Task statement:
Leave out the pictures and copy the remaining records exactly.

Records for this task:

==*==

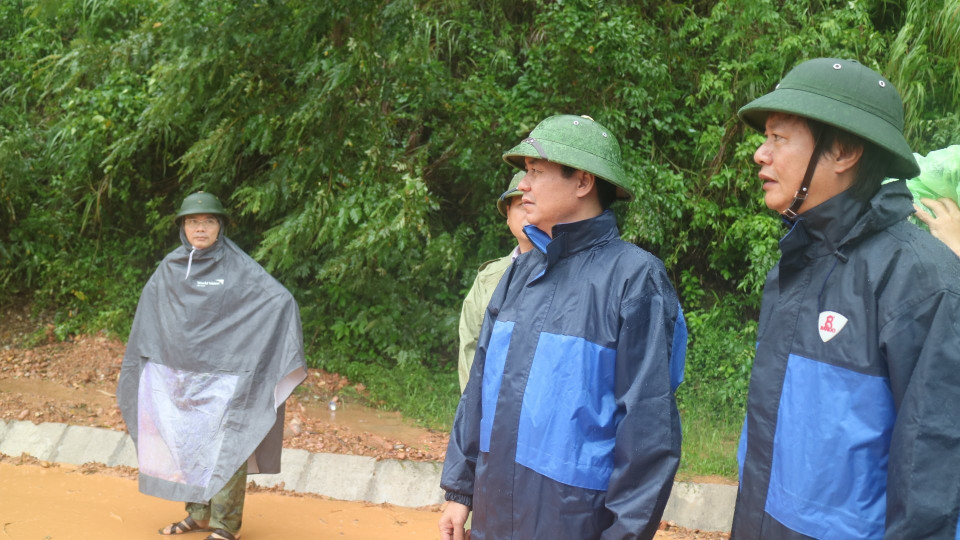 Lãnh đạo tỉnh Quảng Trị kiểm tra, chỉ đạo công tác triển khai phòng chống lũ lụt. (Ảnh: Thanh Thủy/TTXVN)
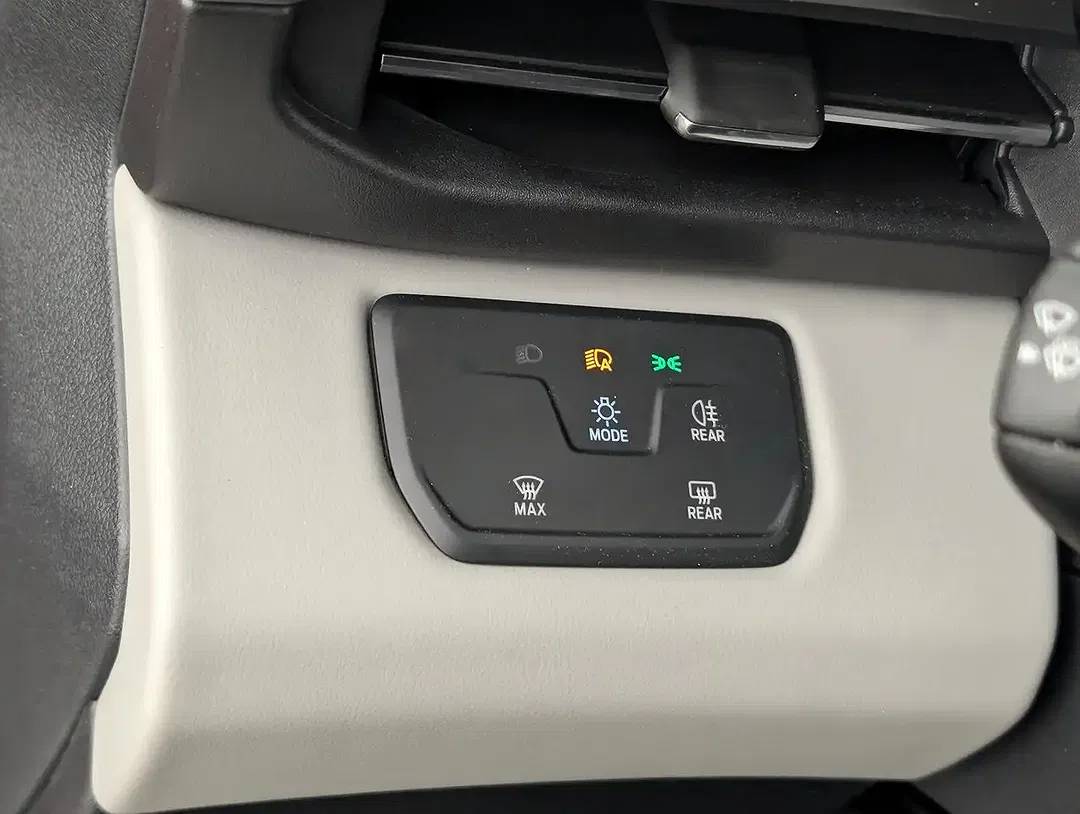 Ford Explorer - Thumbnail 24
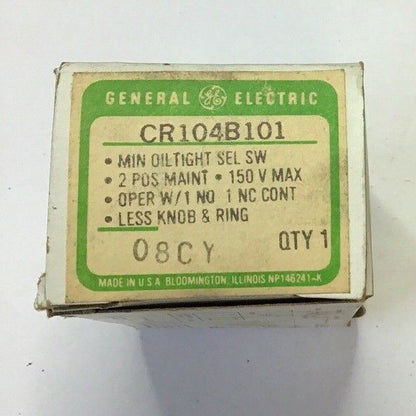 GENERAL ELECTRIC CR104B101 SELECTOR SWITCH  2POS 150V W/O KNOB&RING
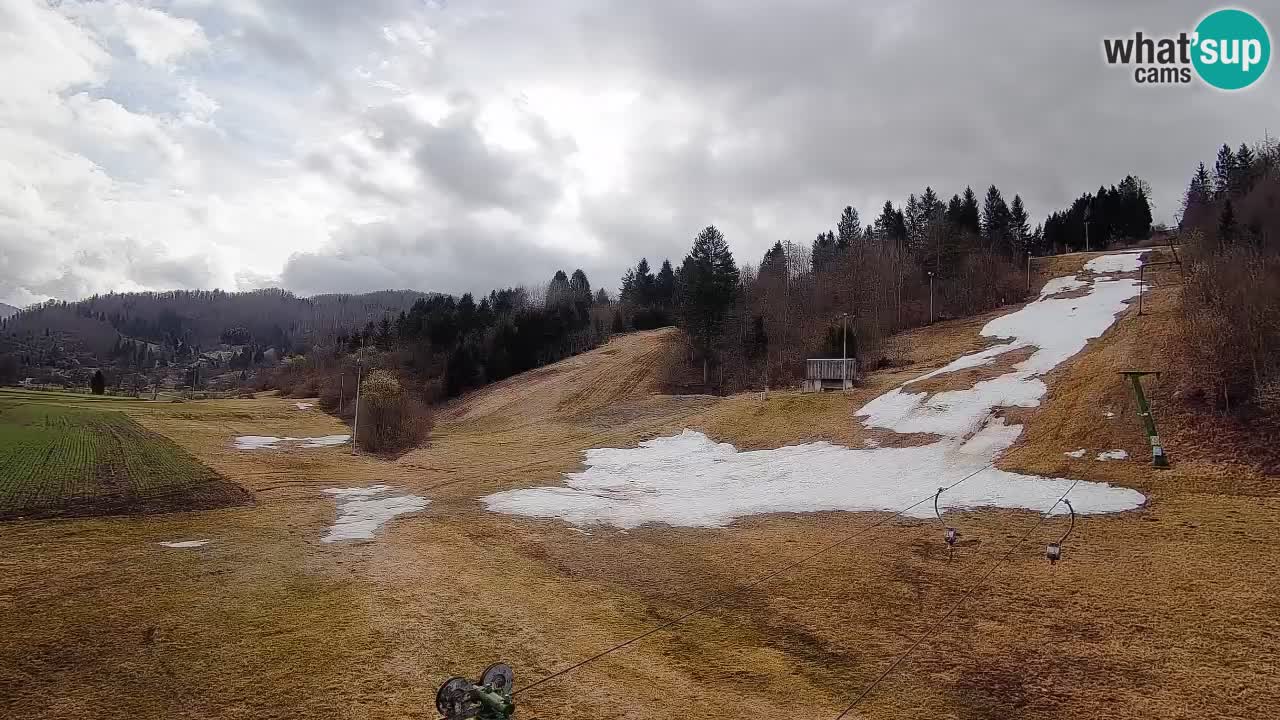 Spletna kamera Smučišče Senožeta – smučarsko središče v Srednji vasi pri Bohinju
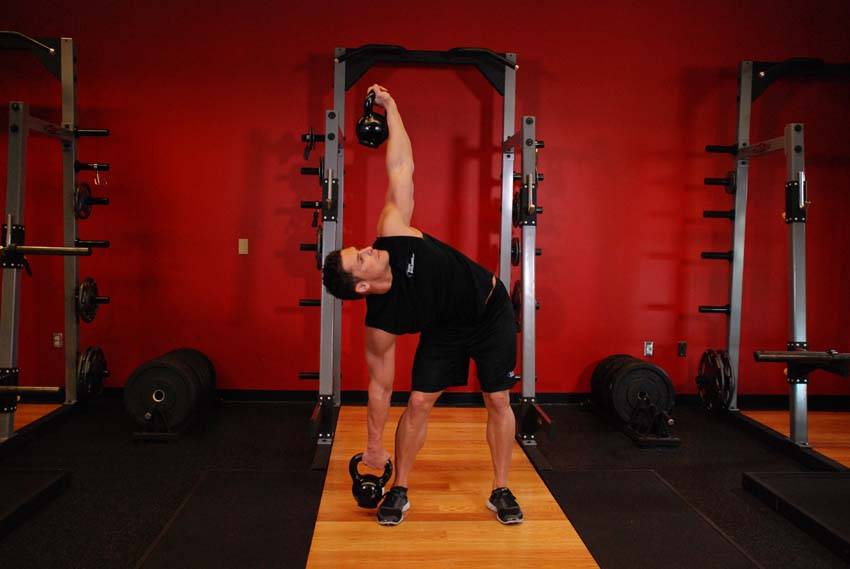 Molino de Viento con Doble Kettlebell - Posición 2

==*==

Response to this task:
 Lãnh đạo tỉnh Quảng Trị kiểm tra, chỉ đạo công tác triển khai phòng chống lũ lụt. (Ảnh: Thanh Thủy/TTXVN)
 Ford Explorer - Thumbnail 24
 GENERAL ELECTRIC CR104B101 SELECTOR SWITCH  2POS 150V W/O KNOB&RING
 Spletna kamera Smučišče Senožeta – smučarsko središče v Srednji vasi pri Bohinju
 Molino de Viento con Doble Kettlebell - Posición 2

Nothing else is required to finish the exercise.